Several Ways to Share python Download Files

2021-10-25 07:14:47
OfStack

Directory 1, 1-like synchronous download
2. stream using streaming request, requests. get method
3. Download files asynchronously
4. Split and download files asynchronously
5. Attention

1, 1 Synchronous Download

Sample code:


import requests
import os

def downlaod(url, file_path):
  headers = {
    "User-Agent": "Mozilla/5.0 (Windows NT 10.0; WOW64; rv:68.0) Gecko/20100101 Firefox/68.0"
  }
  r = requests.get(url=url, headers=headers)
  with open(file_path, "wb") as f:
    f.write(r.content)
    f.flush()

2. stream using streaming request, requests. get method

By default, the value of stream is false, which will immediately start downloading files and store them in memory. If the file is too large, it will lead to insufficient memory, and the program will report an error.
When the stream parameter of the get function is set to True, it will not start downloading immediately. It will only start downloading when you use iter_content or iter_lines to traverse the content or access the content properties. Note one point: It also needs to stay connected before the file is downloaded.


iter_content : 1 Block 1 Block traversal of the content to be downloaded 
iter_lines : 1 Row 1 Traversal of rows to download content

Downloading large files using the above two functions prevents excessive memory usage because only a small portion of data is downloaded at a time.

Sample code:

3. Download files asynchronously

Since request requests are blocking, the aiohttp module is used to initiate the request.

Sample code:


import aiohttp
import asyncio
import os


async def handler(url, file_path):
  headers = {
    "User-Agent": "Mozilla/5.0 (Windows NT 10.0; WOW64; rv:68.0) Gecko/20100101 Firefox/68.0"
  }
  async with aiohttp.ClientSession() as session:
    r = await session.get(url=url, headers=headers)
    with open(file_path, "wb") as f:
      f.write(await r.read())
      f.flush()
      os.fsync(f.fileno())


loop = asyncio.get_event_loop()
loop.run_until_complete(handler(url, file_path))

4. Split and download files asynchronously

The above is a co-process to download a file, the following method is to divide the file into several parts, each part with a co-process to download, and finally write to the file.
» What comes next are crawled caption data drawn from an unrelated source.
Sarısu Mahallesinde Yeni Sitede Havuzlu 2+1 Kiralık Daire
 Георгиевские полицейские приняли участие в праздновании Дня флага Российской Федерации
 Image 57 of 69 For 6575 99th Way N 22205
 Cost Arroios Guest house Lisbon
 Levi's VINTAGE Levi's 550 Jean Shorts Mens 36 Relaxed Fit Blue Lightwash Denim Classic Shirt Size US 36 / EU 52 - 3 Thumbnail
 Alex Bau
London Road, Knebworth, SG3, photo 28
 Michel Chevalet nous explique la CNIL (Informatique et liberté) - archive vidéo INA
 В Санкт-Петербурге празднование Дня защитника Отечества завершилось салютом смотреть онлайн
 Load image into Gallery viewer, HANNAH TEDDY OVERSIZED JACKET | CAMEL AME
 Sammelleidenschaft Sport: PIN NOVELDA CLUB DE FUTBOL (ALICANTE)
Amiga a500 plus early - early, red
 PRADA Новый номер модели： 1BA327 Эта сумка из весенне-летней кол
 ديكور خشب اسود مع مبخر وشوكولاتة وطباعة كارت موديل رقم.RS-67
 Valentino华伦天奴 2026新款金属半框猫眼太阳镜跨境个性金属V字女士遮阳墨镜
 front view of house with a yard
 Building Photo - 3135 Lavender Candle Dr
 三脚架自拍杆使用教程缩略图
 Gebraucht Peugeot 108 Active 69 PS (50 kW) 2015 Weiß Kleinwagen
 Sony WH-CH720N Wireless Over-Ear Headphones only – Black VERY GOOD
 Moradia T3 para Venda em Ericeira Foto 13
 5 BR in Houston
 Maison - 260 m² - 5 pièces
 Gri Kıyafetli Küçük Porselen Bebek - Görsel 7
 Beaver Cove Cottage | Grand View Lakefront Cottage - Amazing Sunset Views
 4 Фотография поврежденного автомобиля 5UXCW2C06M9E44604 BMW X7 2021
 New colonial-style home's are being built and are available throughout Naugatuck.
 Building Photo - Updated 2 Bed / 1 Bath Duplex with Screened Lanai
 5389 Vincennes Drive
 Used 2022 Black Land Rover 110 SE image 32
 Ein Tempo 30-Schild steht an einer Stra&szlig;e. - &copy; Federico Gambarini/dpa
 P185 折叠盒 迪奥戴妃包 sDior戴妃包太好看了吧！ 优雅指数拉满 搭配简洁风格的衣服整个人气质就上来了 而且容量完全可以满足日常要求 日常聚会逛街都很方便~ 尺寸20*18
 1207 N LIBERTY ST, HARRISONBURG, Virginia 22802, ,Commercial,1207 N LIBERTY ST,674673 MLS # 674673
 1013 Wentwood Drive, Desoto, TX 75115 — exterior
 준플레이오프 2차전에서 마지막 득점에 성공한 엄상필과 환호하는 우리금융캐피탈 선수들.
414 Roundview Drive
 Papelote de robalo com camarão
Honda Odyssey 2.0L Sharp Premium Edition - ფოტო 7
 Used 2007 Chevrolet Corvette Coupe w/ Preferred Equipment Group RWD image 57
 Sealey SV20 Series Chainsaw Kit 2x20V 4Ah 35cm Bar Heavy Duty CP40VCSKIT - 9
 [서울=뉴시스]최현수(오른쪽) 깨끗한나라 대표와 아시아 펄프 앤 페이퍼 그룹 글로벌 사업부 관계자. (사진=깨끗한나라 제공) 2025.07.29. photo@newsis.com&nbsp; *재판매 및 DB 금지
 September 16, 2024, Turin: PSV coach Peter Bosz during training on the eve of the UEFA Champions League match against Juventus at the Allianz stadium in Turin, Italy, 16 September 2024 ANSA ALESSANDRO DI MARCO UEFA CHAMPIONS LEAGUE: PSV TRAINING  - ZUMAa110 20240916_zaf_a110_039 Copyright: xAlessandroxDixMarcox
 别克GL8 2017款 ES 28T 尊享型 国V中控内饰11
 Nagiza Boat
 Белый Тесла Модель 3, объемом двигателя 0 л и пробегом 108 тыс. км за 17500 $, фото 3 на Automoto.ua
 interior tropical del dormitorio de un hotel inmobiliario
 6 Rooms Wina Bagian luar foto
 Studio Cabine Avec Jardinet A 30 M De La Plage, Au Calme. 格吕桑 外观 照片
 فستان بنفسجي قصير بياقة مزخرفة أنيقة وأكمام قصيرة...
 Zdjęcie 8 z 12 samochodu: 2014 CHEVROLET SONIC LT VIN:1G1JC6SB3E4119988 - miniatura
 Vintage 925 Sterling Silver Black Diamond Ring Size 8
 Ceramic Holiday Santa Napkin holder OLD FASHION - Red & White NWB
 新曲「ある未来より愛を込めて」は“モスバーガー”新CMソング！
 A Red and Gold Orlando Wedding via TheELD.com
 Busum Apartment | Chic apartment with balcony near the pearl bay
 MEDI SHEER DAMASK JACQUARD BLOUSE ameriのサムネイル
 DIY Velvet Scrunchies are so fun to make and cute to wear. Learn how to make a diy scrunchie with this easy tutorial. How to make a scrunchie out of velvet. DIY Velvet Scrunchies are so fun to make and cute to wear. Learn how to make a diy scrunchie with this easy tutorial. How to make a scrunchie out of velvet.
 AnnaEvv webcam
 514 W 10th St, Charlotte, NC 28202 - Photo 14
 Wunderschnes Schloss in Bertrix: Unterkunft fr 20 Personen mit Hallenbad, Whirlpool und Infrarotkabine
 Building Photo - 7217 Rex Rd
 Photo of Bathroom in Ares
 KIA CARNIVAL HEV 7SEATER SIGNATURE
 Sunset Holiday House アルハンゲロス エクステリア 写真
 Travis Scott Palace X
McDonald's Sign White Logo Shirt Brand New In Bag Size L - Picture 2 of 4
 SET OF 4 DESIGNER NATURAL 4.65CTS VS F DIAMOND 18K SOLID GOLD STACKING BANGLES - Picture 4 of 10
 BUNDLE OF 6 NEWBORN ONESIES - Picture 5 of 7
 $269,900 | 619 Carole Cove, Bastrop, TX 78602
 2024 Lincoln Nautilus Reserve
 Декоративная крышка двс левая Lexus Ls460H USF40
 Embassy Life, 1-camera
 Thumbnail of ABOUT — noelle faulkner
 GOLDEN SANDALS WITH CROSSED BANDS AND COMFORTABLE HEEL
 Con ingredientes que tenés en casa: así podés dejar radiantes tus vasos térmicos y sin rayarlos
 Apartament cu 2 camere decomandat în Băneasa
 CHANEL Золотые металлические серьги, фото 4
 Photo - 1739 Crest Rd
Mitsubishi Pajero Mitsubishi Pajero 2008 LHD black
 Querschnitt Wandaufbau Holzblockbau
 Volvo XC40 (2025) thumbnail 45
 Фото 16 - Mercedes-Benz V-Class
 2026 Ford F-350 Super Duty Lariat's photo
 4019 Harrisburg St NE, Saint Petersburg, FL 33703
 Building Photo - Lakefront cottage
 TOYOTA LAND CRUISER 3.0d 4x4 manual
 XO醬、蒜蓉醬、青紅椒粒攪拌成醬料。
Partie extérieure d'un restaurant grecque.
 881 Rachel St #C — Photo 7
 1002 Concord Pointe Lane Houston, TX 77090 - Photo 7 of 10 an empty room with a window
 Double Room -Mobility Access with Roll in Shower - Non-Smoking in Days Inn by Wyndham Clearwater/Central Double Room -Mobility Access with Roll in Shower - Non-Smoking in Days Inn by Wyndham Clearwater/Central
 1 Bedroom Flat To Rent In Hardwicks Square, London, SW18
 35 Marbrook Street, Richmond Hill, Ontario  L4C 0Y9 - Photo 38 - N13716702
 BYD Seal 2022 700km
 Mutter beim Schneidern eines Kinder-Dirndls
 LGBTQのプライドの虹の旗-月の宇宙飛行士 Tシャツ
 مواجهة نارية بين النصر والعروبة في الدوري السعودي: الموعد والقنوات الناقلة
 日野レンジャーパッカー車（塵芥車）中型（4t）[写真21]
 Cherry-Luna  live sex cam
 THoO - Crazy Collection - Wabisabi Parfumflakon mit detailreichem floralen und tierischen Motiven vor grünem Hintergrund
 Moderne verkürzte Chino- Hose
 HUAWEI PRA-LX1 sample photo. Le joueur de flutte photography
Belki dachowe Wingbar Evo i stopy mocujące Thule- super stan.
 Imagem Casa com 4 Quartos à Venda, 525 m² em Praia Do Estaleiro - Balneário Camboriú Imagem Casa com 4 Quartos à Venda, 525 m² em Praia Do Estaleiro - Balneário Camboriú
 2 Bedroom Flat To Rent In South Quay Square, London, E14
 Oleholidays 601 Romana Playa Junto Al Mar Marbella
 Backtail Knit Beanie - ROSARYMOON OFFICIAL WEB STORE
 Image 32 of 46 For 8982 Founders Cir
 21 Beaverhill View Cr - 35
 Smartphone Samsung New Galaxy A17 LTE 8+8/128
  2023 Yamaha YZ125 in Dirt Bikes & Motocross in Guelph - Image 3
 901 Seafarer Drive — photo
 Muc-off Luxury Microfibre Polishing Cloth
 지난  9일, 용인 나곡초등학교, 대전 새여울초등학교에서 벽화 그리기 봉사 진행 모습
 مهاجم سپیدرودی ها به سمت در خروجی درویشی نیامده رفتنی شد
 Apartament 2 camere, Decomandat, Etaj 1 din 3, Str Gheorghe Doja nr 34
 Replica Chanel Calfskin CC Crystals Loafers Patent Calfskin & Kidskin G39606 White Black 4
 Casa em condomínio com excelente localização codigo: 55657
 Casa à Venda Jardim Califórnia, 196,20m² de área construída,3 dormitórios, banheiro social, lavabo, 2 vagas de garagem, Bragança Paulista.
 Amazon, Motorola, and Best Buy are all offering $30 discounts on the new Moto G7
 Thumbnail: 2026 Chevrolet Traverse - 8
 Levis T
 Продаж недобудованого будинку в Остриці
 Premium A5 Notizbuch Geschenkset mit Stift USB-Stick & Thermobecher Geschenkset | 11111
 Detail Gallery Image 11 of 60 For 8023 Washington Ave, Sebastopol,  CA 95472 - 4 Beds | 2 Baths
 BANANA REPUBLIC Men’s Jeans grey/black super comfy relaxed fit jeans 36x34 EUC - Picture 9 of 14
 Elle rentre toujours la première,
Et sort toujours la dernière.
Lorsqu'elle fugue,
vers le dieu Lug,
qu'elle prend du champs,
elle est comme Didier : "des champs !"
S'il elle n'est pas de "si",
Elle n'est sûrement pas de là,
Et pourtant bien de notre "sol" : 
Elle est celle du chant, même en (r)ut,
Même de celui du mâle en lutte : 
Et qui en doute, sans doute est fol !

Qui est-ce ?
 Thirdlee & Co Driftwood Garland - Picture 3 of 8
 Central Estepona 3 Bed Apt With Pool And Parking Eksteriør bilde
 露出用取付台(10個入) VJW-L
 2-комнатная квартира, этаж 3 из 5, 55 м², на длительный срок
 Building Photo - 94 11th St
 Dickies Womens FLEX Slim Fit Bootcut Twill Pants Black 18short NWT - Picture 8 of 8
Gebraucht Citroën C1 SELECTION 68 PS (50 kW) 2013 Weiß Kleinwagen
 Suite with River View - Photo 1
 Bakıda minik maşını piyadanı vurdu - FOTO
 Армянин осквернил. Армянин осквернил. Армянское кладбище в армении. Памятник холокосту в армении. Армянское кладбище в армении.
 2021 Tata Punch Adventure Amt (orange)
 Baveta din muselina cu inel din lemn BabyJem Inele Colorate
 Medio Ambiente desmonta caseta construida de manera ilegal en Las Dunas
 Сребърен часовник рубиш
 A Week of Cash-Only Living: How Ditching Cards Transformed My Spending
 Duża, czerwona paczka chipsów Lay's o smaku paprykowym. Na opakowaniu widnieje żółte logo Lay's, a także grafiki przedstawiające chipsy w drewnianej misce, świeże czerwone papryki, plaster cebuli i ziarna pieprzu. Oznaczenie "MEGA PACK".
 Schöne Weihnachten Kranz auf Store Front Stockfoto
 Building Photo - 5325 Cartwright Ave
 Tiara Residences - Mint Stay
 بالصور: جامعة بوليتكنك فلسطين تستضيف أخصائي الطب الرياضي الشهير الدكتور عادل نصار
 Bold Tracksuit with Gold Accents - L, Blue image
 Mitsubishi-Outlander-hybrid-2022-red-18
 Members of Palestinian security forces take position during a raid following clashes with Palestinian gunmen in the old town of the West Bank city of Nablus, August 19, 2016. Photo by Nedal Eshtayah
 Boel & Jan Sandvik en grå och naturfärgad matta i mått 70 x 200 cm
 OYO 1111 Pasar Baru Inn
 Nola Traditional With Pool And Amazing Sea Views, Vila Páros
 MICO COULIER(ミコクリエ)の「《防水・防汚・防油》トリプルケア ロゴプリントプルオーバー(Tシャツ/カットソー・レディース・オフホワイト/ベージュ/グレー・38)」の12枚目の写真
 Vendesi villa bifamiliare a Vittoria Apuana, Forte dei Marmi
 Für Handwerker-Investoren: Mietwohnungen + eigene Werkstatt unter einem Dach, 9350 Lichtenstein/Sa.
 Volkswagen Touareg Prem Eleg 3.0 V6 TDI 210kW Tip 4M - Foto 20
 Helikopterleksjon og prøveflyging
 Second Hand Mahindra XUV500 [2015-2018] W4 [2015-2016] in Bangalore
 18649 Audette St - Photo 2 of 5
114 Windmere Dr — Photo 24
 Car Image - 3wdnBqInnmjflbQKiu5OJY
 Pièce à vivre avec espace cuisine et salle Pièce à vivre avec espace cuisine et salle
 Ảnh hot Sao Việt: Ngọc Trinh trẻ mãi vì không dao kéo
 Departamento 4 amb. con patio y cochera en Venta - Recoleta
The following example uses streaming writing, that is, writing contents to disk.


import aiohttp
import asyncio
import time
import os


async def consumer(queue):
  option = await queue.get()
  start = option["start"]
  end = option["end"]
  url = option["url"]
  filename = option["filename"]
  i = option["i"]

  print(f" No. 1 {i} Tasks start running ")
  async with aiohttp.ClientSession() as session:
    headers = {"Range": f"bytes={start}-{end}"}
    r = await session.get(url=url, headers=headers)
    with open(filename, "rb+") as f:
      f.seek(start)
      while True:
        chunk = await r.content.read(end - start)
        if not chunk:
          break
        f.write(chunk)
        f.flush()
        os.fsync(f.fileno())
        print(f" No. 1 {i} Tasks are being written ing")
    queue.task_done()
    print(f" No. 1 {i} Tasks were written successfully ")


async def producer(url, headers, filename, queue, coro_num):
  async with aiohttp.ClientSession() as session:
    resp = await session.head(url=url, headers=headers)
    file_size = int(resp.headers["content-length"])
    #  Create 1 Files 
    with open(filename, "wb") as f:
      pass
    part = file_size // coro_num
    for i in range(coro_num):
      start = part * i
      if i == coro_num - 1:
        end = file_size
      else:
        end = start + part
      info = {
        "start": start,
        "end": end,
        "url": url,
        "filename": filename,
        "i": i,
      }
      queue.put_nowait(info)


async def main():
  #  Need to fill in the following url , filename , coro_num
  url = ""
  filename = ""
  coro_num = 0
  headers = {
    "User-Agent": "Mozilla/5.0 (Windows NT 10.0; WOW64; rv:68.0) Gecko/20100101 Firefox/68.0"
  }
  queue = asyncio.Queue(coro_num)
  await producer(url, headers, filename, queue, coro_num)
  task_list = []
  for i in range(coro_num):
    task = asyncio.create_task(consumer(queue))
    task_list.append(task)
  await queue.join()
  for i in task_list:
    i.cancel()
  await asyncio.gather(*task_list)


startt = time.time()
loop = asyncio.get_event_loop()
loop.run_until_complete(main())
end = time.time() - startt
print(f" Used {end} Seconds ")

5. Attention

The above examples are all introductory ideas. The program is not robust. Robust programs need to add error capture and error handling.

Above is the python download file several ways to share the details, more information about python download file please pay attention to other related articles on this site!